The play's passage to the stage was fortuitous. The Belfast-based production company Mad Cow took it up. "They saw the piece on TV. They loved it. They saw its stage potential immediately without talking to me. They rang up and came to talk to me, two young people not long out of college. And they said they wanted to do it at the 1995 Belfast Festival," which is what transpired.

"It's been hell, of course. I curse them every day for something but somehow they pull their weight. And you can't blame people for not having money. If you're doing serious things these days, it's a given that you won't have the resources. Whether it's health or education or drama."

Since the festival, the production has been fitfully on tour. Succulent possibilities of playing at an Irish festival in Paris and at the Glasgow Mayfest fell through. But a visit to Aarhus in Denmark was a triumph. "It's the first time I've experienced the continental slow handclap, which is a sign of approval, not get-a-move-on, and they got more laughter there than anywhere. I think the play is funny, by the way."

Griffiths's Belfast flight is in his capacity as director to prepare for the London opening. The Bush has a production in, and rehearsal space here is prohibitively costly. On the other hand, to be in Belfast during an election gets the old warrior's juices running. "We'll be stuck away in some arts centre but we'll get the sense of it all around us. It keeps us on the edge, which is where we need to be with this play."

Who Shall Be Happy...? eventually resolves the conundrum built into its title. The completed question is not a quote from any of the revolution's participants but a distillation by Griffiths of a number of questions about political action. It invokes Jefferson's "life, liberty and the pursuit of happiness". "It's a question that hovers in the American Revolution as well as the French," Griffiths confirms. "I think it's soaked in the period."

The play charts the musings of the prisoner and his game of bluff and double-bluff with his guard to whom he presents himself as an actor chosen because of the power of his stage representation of Danton. The conceit resonates satisfyingly on the way the audience perceives what they see - Jack Shepherd or, on stage, Stanley Townsend impersonating Danton and perhaps at some level becoming Danton the way actors do invade their characters. I suggest that the play is as much about acting as Comedians, still perhaps Griffiths's best-known work, addresses the politics of comedy.

"It's weird, this," says Griffiths, "but my experience of the audiences is that they're very reluctant to move into that area. They want to stay with the heroic figure, standing colossus-like astride the revolution. This is how we like our history. But there's a crise d'identite running through the play. Who is the fucker? Is he telling the truth?

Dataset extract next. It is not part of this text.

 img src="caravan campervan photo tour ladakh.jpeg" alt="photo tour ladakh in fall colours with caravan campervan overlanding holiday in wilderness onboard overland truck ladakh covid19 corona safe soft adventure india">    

That's really at the heart of this piece but it's frequently not addressed by the audience until quite late in the action."

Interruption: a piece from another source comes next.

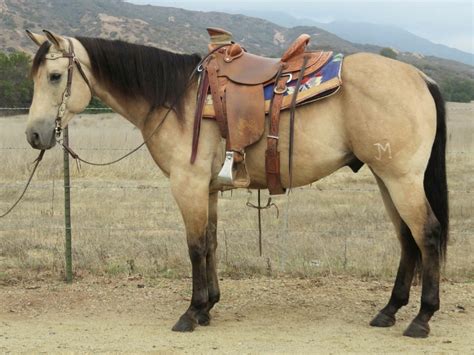 Select from premium buckskin horse of the highest quality. Buckskin Horses for Sale Jerviss Quarter Horses, Oak View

The image of acting is strong in Georg Buchner's great and oft-revived 19th-century play, Danton's Death. "It is," agrees Griffiths. "And the image of madness also comes from the Peter Weiss play, The Marat / Sade. A lot of people were locked up in asylums around Paris, some for political reasons, some mental. In one way or another, people were enraged beyond endurance by the Revolution, that it wasn't going right or that it happened at all. So notions of madness, of identity and of revolution are fused in the play and the audience has to make something of that."

Changes in the audience preoccupy Griffiths as he seeks new forms and new spaces. "What are people using theatre for now?" he asks. "There isn't a listening box or a watching box, a need to know. They've retreated from an examination of their lives through drama. In 1984 I put on Real Dreams - a play about white students trying to change the world in the late 1960s - in a white middle-class university town in Massachusetts. And I describe it as speaking in a Styrofoam cup. But I see good black plays, good Asian plays and I'm reminded that the nation is all of us and that people are fighting their corner. And that's heartening."